> **What this task involves**
Reproduce word for word the line that contains "à louer – bel" and every line after it to the end of the records, with nothing else added.

....

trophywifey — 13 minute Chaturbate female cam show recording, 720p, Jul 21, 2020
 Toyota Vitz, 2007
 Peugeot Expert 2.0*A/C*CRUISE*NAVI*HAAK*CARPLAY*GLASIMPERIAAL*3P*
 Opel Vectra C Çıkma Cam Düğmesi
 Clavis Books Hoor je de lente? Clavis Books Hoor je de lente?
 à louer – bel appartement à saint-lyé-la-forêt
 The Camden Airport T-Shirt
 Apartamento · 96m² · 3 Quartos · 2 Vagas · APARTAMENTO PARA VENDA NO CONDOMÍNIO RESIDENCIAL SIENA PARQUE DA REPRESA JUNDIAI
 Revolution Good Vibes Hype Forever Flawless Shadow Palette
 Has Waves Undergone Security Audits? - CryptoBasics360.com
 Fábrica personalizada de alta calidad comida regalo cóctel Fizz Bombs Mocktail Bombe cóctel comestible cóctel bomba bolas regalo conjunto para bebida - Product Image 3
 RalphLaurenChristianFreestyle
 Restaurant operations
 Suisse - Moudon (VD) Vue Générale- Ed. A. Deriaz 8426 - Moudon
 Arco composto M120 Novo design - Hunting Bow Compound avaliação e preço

....

> **Result**
 à louer – bel appartement à saint-lyé-la-forêt
 The Camden Airport T-Shirt
 Apartamento · 96m² · 3 Quartos · 2 Vagas · APARTAMENTO PARA VENDA NO CONDOMÍNIO RESIDENCIAL SIENA PARQUE DA REPRESA JUNDIAI
 Revolution Good Vibes Hype Forever Flawless Shadow Palette
 Has Waves Undergone Security Audits? - CryptoBasics360.com
 Fábrica personalizada de alta calidad comida regalo cóctel Fizz Bombs Mocktail Bombe cóctel comestible cóctel bomba bolas regalo conjunto para bebida - Product Image 3
 RalphLaurenChristianFreestyle
 Restaurant operations
 Suisse - Moudon (VD) Vue Générale- Ed. A. Deriaz 8426 - Moudon
 Arco composto M120 Novo design - Hunting Bow Compound avaliação e preço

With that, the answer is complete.